Being a parent, I have often felt the desire to step in to do something that my children are capable of doing themselves. It is tough teaching children to be responsible. Helicopter parenting is the norm these days. In the past our grandparents walked miles to school by themselves and our parents walked blocks to school by themselves but we are of a generation that believes that danger lurks two doors down from the home. It is hard to raise independent kids if we teach them not to trust anyone but us. I am a huge fan of the blog written by Lenore Skenazy. She also wrote a book called Free-Range Kids:Giving Our Children the Freedom We Had Without Going Nuts with Worry that debunks most of the fears we parents have allowed to permeate our psyche. She explains how and why this generation of parents has fallen for the idea that nothing is safe anymore.

I must admit that as a child I was not given many household responsibilities. Being hounded to clean up my room is not a memory that I have though I remember happily keeping my private space clean while spending hours in my room as a teenager with the door closed listening to music, talking on the phone and rearranging my possessions. I was, however, given tremendous amounts freedom. My siblings and I were outside all day until we heard my mother calling us in—not knowing where we were each and every moment and not worrying about us. It wasn’t until those teenage years that the leash seemed to tighten.

How to teach our children to be responsible begins early. Allowing them to have more control of their personal hygiene—teeth brushing, bathing and dressing—gives them pride. It is not always easy to let your child walk out the door in their outfit of choice but it teaches them to trust their own instincts and provides a sense of self (even if it means plaid with stripes).

Giving your children jobs around the house that are not part of an allowance exemplifies that they are part of a family which needs everyone working together to work. My children take turns setting and clearing the table at dinner (each one does one part for the whole week and then switches to avoid the fighting over whose turn it is to do what). This really makes a huge difference to my evening—as meal planner, food shopper and chef it is a joy not to have to be stuck in the kitchen for another hour after dinner cleaning and it allows me to enjoy more time with my children at night as everything gets done much more quickly.

Teaching that work (responsibilities) comes before play by creating a rule of homework before TV also teaches that not all responsibilities are going to be fun but they still need to be done.

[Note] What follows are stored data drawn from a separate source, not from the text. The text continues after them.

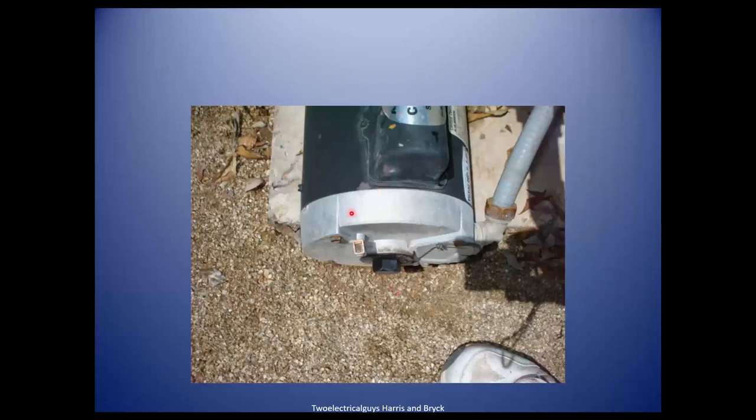Here's a motor on a pool. Some electricians run around saying you don't need to ground it because it's double insulated, but there is a lug here to put a wire in. If your motor is equipped with a lug on it, it needs a ground. Even though it's double insulated and they put this device here, you still need one. There's no wire up to it, so it's bad.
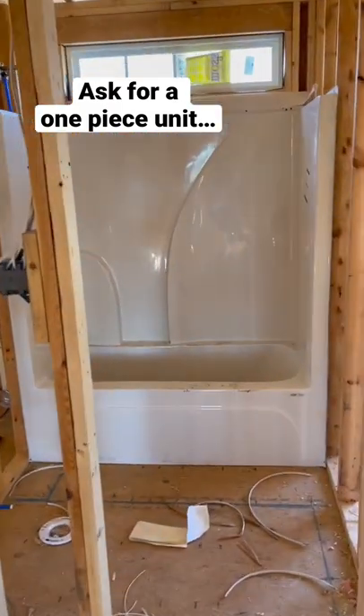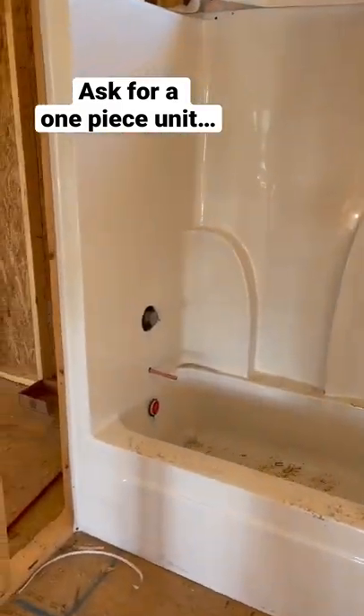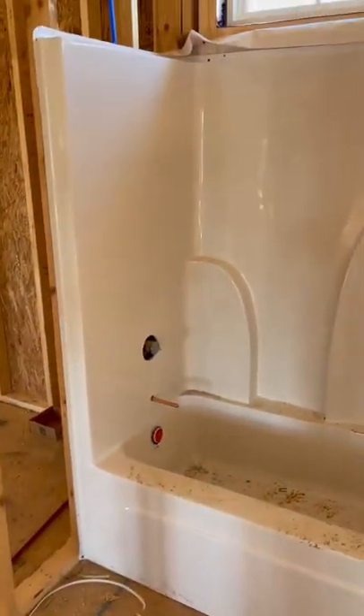If you're going for a full fiberglass tub shower combo, check this out. Ask for a one-piece — sometimes they're broken into two pieces, with a tub part and a shower part. Those two-piece units are primarily for remodel jobs.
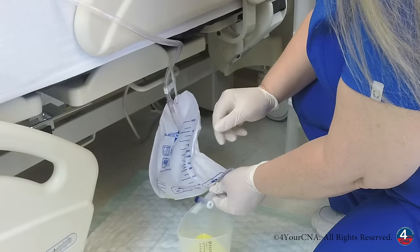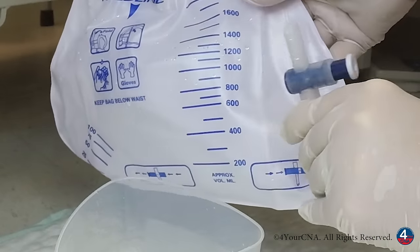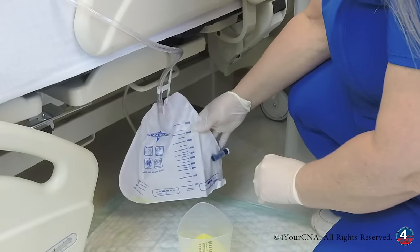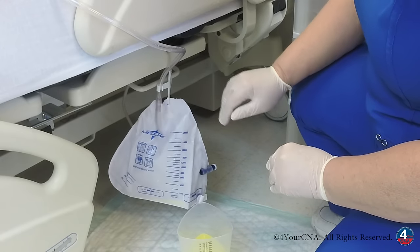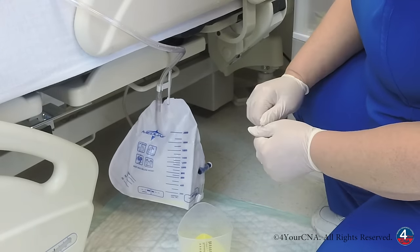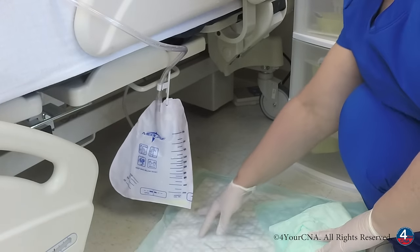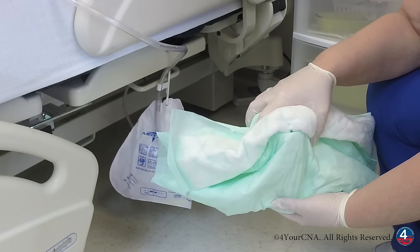Once the urine bag has been emptied, we'll slide the port back to the side to close it and very carefully insert it back into its protective sleeve. We want to make sure that the bag is hanging on a non-movable part of the bed and it's not touching the floor.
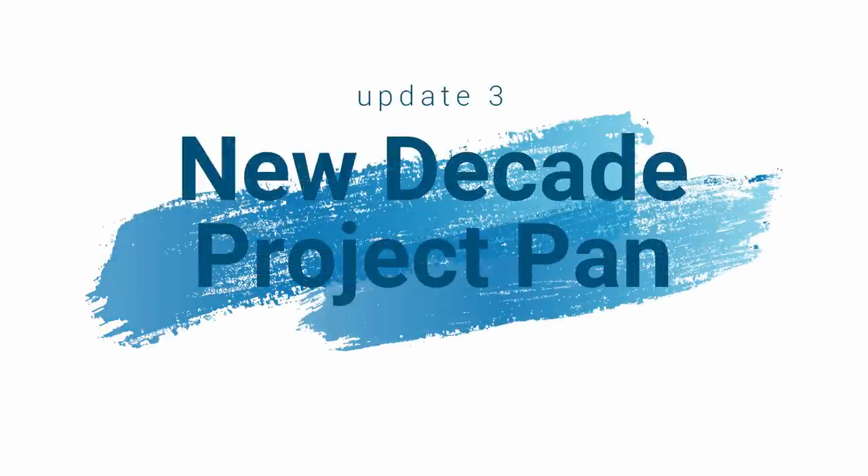Hi everyone, welcome back to my channel, or welcome if you're new here. My name is Rachel and today we've got the third update in the New Decade Project PAN. So welcome back to the third update in this year-long Project PAN. I've got some quite exciting updates for you today and I feel like this project is going along a lot better than it was this time during the last update.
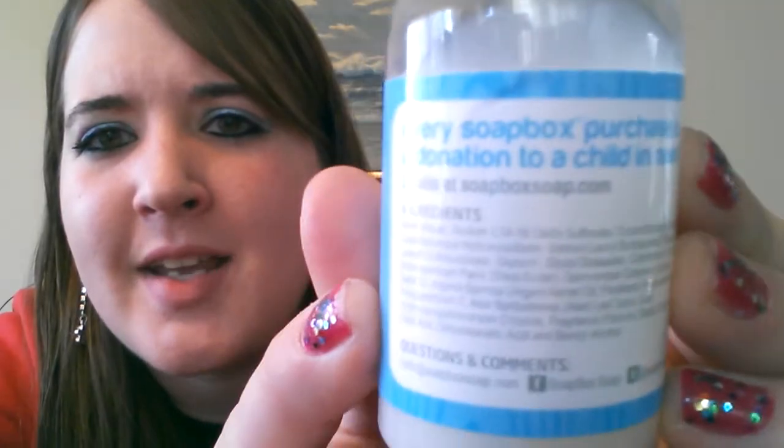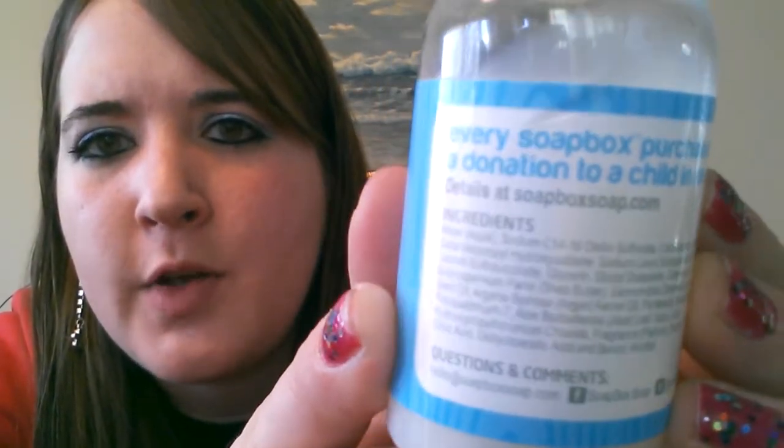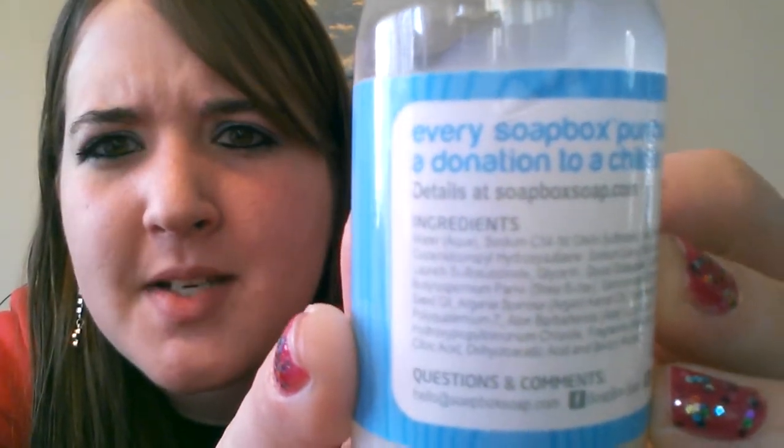The details are at soapboxsoap.com if you want to find this or read more about that. There are a lot of ingredients in here. If you want to pause the video to try to read some of these, you can. It's made with argan oil.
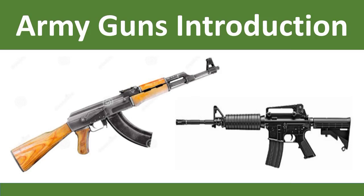Hello everyone, my name is Trash and welcome back to our channel. Today, I am going to tell you about army guns introduction. So, let's begin.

In my yoga classes, I try to find ways to encourage independence. I set my mats up before class in a circle to ease the beginning of class but everyone must roll up the studio mats and put them away after class. Even the little guys try —their rolls are lopsided and don’t look too tidy— but they leave feeling pride and I fix them when they have gone. Are there other ways that you help teach responsibility to your children or students? I’d love to hear about them!